From Art, Music, Literature and, of course, Fashion, the wind of change moved to personal morals and social mores. Seeing boundary fences blown down is enormous fun and, of course, liberating, at least for a while.

The Swinging Sixties ushered in the ‘no-holds barred’ eventies, establishing sexual liberation and taking a fresh look at all
relationships. Marriage and conventional family, with their archaic expectations and religious associations, were inevitably hauled up for scrutiny and found wanting. Too restrictive, too boundaried, too dull!  

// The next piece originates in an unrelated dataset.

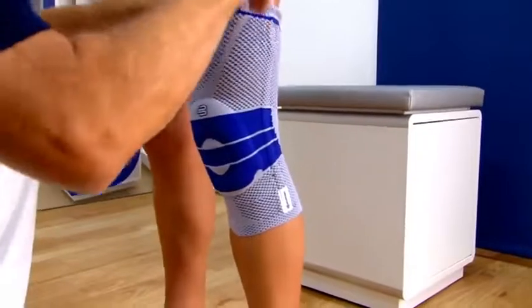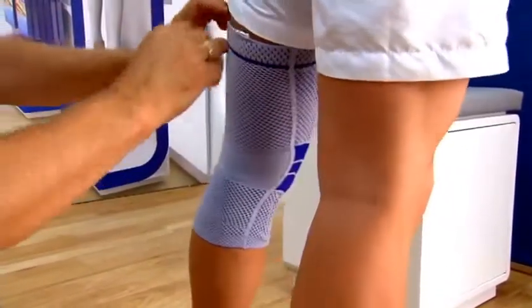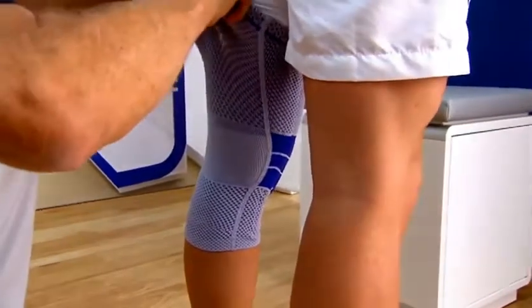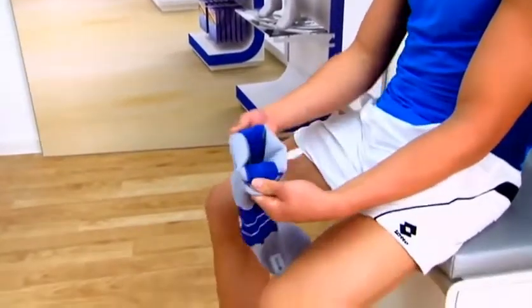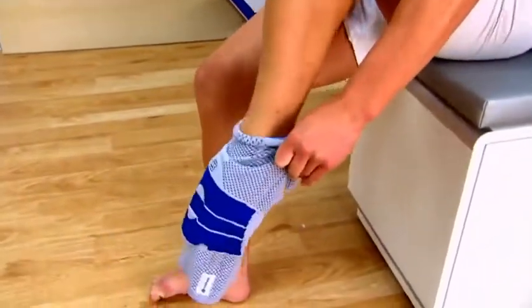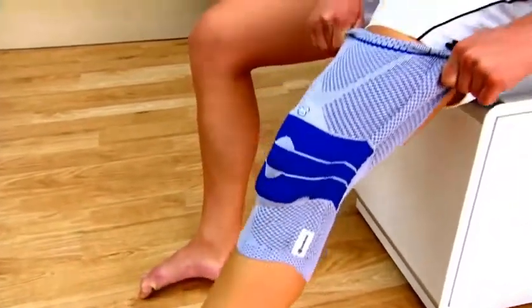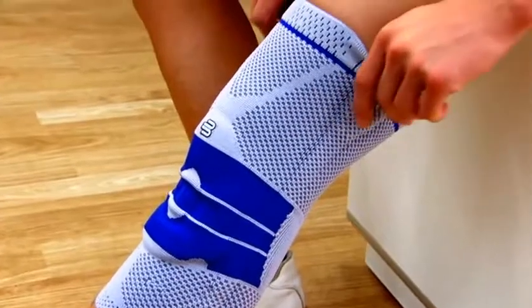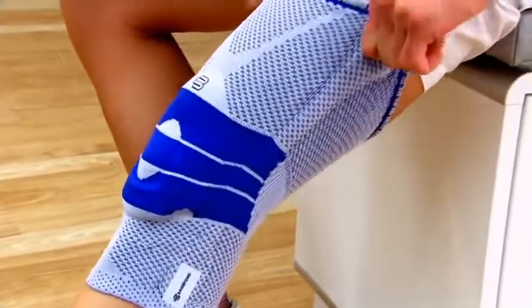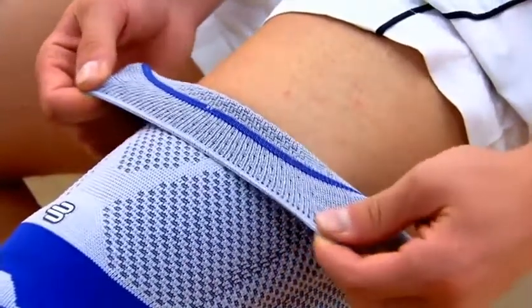Check that the support fits without any creases. In future, the patient can put on and take off the Genutrain correctly. Pull the Genutrain upward with the knee slightly bent, and steadily pull on the donning aids. The gentle phasing out of the compression effect at the highly elastic edges increases wearing comfort.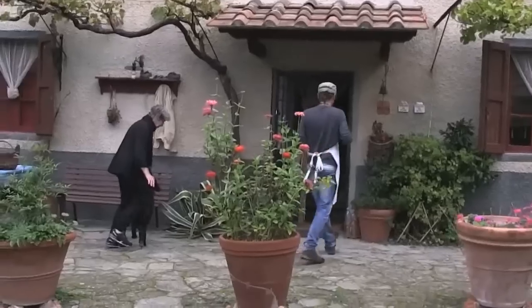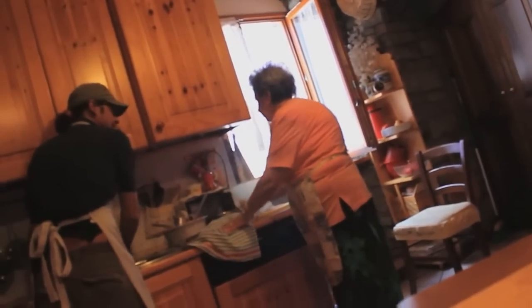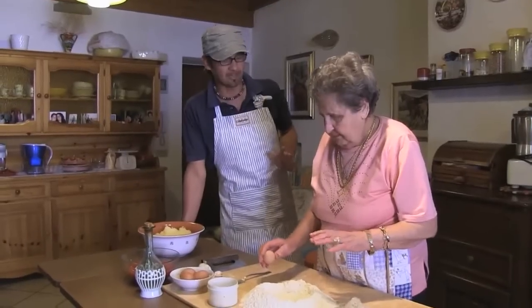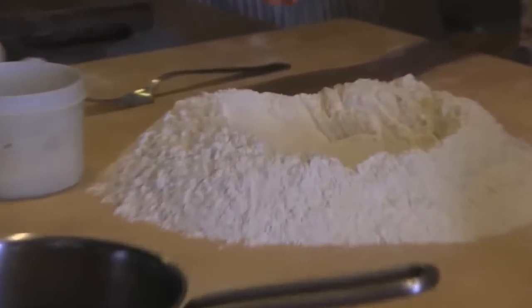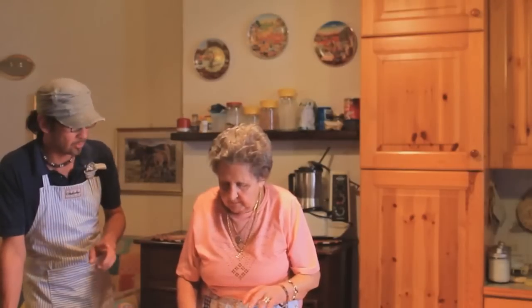È un piatto proprio povero della cucina toscana, e mi hanno detto che è delizioso. Andiamo a farlo! Tortelli di patate stile mugellano o valdinievole — lei deve ricordare per cento. Molte ricette che ancora vengono fatte in questa zona derivano proprio dalla cucina dei Medici. Iniziamo: 400 grammi di farina doppio zero, 200 grammi di semola, un po' di sale — l'abbiamo setacciata — e quattro uova per 600 grammi di farina.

We felt we were on a roller-coaster of new thoughts and ideas. Even brakes were considered part of the old order. Onward! Faster! So with the acceleration of postmodern deconstructionism knocking down hedges and fences all round, the social landscape in the twenty-first century has seen dramatic change. On the one hand this has brought greater freedom, on the other it has produced confusion and lostness for many. Boundaries define identity and without them it is hard to know exactly who we are. This sense of uncertainty means that most people are busy constructing their own boundaries, but often without a clear sense of where they should be, or how our world should look.

If you have ever watched a speeded-up video clip of people hurrying along crowded streets in rush-hour, you will have seen the amazing way we instinctively move, to seek to avoid touching each other, to respect each other’s physical space. Similarly, it is important that we respect the boundaries that guard the inner space of others, their thoughts, their heartaches, their dignity, allowing them to be who they are. But where do we draw the line?

Most of us confine our social relationships, wherever we can, to people who respect our boundaries, who will not overstep them (or not without apology). We feel more comfortable this way. But there will always be the lost souls, or the adventurers who gatecrash your world – the Marco Polos of the relational scene.

We have all encountered them or perhaps been them!  How we react to them depends on how fiercely we feel the need to protect our boundaries – or how fragile the ego that reigns within us. But in rejecting them, we may be rejecting something or someone who could bring great enrichment to our life. In the first century AD, the early Christians were taught to practise hospitality freely, since some, in entertaining strangers, found they had entertained angels without knowing it. ‘Stay open to others’ was the message in a world rapidly closing in on itself. Boundaries in our personal lives can be hugely beneficial, defining who we are and the extent of our primary responsibilities. But they should never become barriers, garrisoning our hearts and lives and homes from the world outside.

The boundaries of our lives need to be extended more often than defended. We have abandoned many social and artistic boundaries. How sad if we build them round our hearts instead. But what can we say of the realm of the spirit? Here, surely, are no boundaries? Certainly, many people never discover the boundary lines here because they are like Sleeping Beauty – dead to the life of the spirit. But once awakened, the spirit quickly discovers the enormity of its realm. In our exploration we can find the shining boundaries that contain it: Faith, Hope and Love. These are the boundary posts. All Beauty, Truth and Goodness lie within them. Why would anyone want to venture into the darkness beyond?